ASSIGNMENT = Look below for the line containing "Coleccion Acrilicos 3"; from there through the line containing "Mustard popcorn sweater", both lines included, please set down each line exactly and nothing else.

----- DATA FOR THIS TASK

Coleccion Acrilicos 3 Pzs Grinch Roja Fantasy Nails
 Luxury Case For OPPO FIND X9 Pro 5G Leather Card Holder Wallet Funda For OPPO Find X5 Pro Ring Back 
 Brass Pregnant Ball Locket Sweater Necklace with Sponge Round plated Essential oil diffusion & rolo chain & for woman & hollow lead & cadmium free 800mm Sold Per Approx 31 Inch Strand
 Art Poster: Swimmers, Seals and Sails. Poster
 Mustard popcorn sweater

----------
----- DATA FOR THIS TASK

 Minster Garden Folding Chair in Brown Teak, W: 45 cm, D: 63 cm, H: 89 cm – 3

----------

ANSWER FOR THIS EXERCISE =
Coleccion Acrilicos 3 Pzs Grinch Roja Fantasy Nails
 Luxury Case For OPPO FIND X9 Pro 5G Leather Card Holder Wallet Funda For OPPO Find X5 Pro Ring Back 
 Brass Pregnant Ball Locket Sweater Necklace with Sponge Round plated Essential oil diffusion & rolo chain & for woman & hollow lead & cadmium free 800mm Sold Per Approx 31 Inch Strand
 Art Poster: Swimmers, Seals and Sails. Poster
 Mustard popcorn sweater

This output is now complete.